RECORDS PROVIDED:

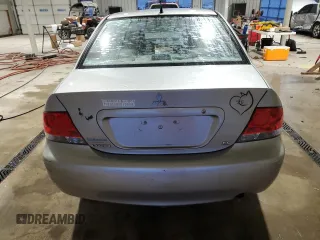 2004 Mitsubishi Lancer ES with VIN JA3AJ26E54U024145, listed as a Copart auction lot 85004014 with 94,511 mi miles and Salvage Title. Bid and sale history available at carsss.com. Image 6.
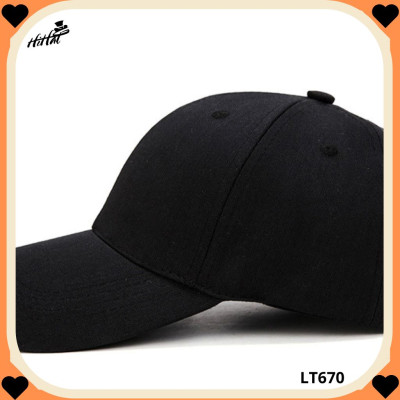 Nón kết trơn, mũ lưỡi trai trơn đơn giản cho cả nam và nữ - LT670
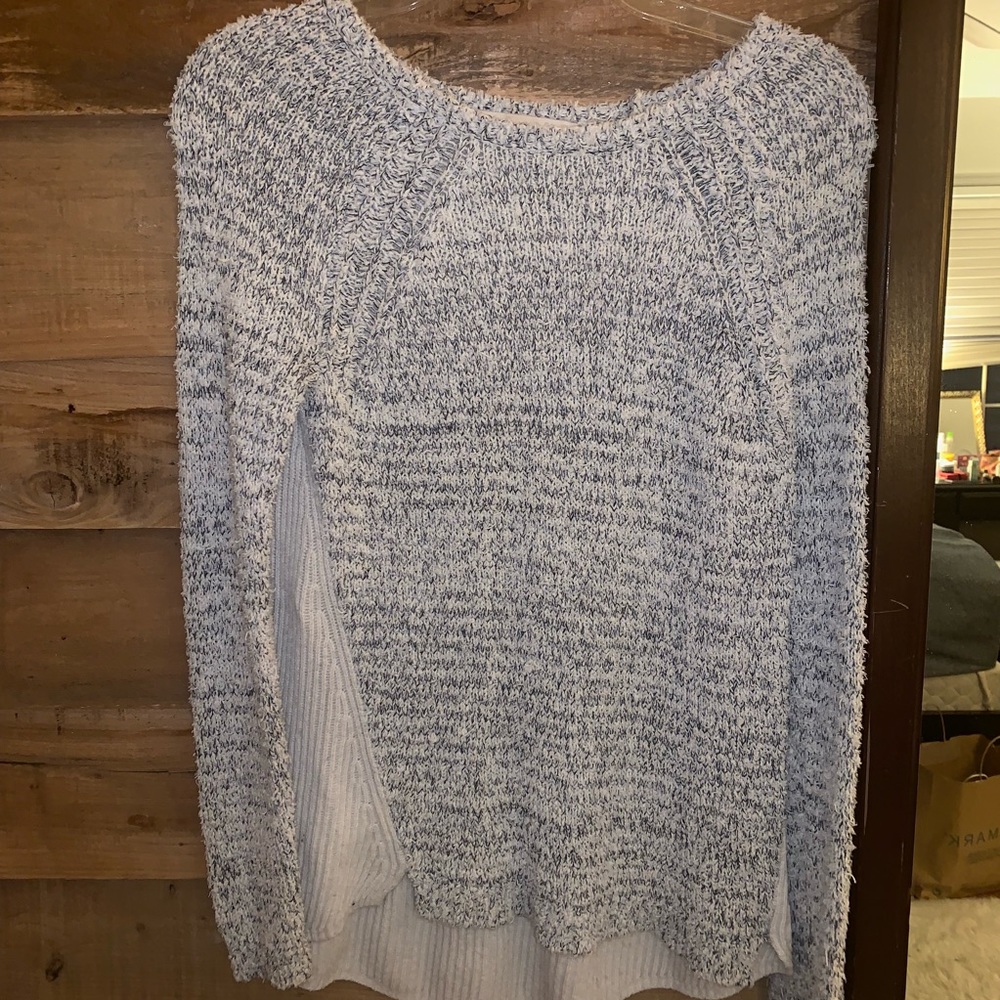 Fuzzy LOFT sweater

---

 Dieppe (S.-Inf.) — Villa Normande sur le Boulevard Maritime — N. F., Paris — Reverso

PROBLEM DETAILS: Starting at the line above with "2004 Mitsubishi Lancer", output every line exactly up to and including the line with "Fuzzy LOFT sweater", but none of the pictures.

RESPONSE:
 2004 Mitsubishi Lancer ES with VIN JA3AJ26E54U024145, listed as a Copart auction lot 85004014 with 94,511 mi miles and Salvage Title. Bid and sale history available at carsss.com. Image 6.
 Nón kết trơn, mũ lưỡi trai trơn đơn giản cho cả nam và nữ - LT670
 Fuzzy LOFT sweater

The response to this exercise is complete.